While working on a study called Salt. Sugar. Fat, reporter The New Y Times Michael Moss delved into the secrets of the food industry and asked developers and industry leaders how the food industry affects what people eat and how it makes money by changing people’s eating habits. In a recent interview, Michael Moss shared his discoveries, and I want to cite excerpts from his story. This is a translation of an article from the National Public Radio website.

On the responsibility of the food industry for the obesity epidemic

I was really amazed at how many people within the industry say that the food industry is entirely to blame for this surge in obesity over the past 30 years. Of course, there are other factors – physical activity, personal responsibility. But the responsibility of the food industry, directly involved in this, stems from its attempts to make its products so desirable and tasty, so “perfectly engineered” that they are not only liked, but that we want them over and over again.

 

About what “perfectly engineered” products are

Food executives are hiring people like Howard Moskowitz, who studied advanced mathematics at Queens College and Experimental Psychology at Harvard. Howard is one of those responsible for some of the most famous and popular items in the grocery store.

For example, he told me about his recent experience in creating a new flavor for soda. DrPepper… He started with at least 59 variations of the sweetener, ran 3 taste tests across America, and, after mathematical regression analysis, put the data into a computer. And from that, a bell-shaped curve was created, at the very top of which is the optimal amount of sweetness – not too little, not too much.

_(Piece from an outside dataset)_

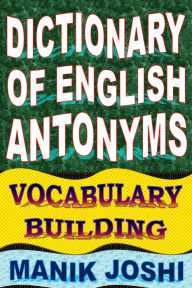 Title: Dictionary of English Antonyms: Vocabulary Building, Author: Manik Joshi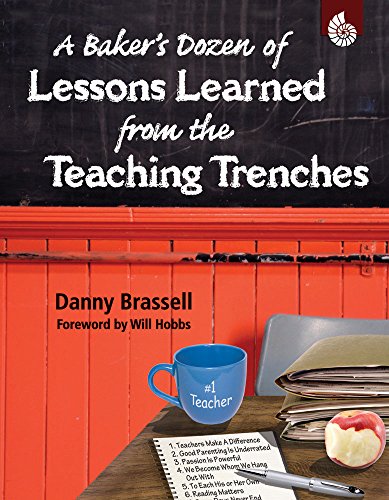 Imagen de archivo de A Baker's Dozen of Lessons Learned from the Teaching Trenches a la venta por Better World Books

It was Howard who came up with the expression “bliss point,” which implies the perfect sensation of sweetness that makes products fly off the shelves.

About designing a sweet bliss point in foods that are not meant to be sweet

This is not about soda, ice cream, cookies and other foods that are expected to be sweet for us. Food companies have engineered a sweet bliss point in foods that are not meant to be sweet. Therefore, now there is, for example, bread with added sugar. Some brands have yoghurts as sweet as ice cream, and pasta sauces contain so much sugar that with half a serving of pasta, you eat the same dose as two sweet cookies. (In my sugar detox course, I tell listeners how sugar is masked and what completely unexpected foods it contains.).

Nutritionists say: as a result of such manipulations, we form a food idea that everything tasty should be sweet in the first place. This is especially important for children who are highly sweet-oriented. Therefore, you face a real rebellion when you try to get them to eat something that really should be present in the diet in abundance, but with a different taste – bitter or sour, such as Brussels sprouts or broccoli.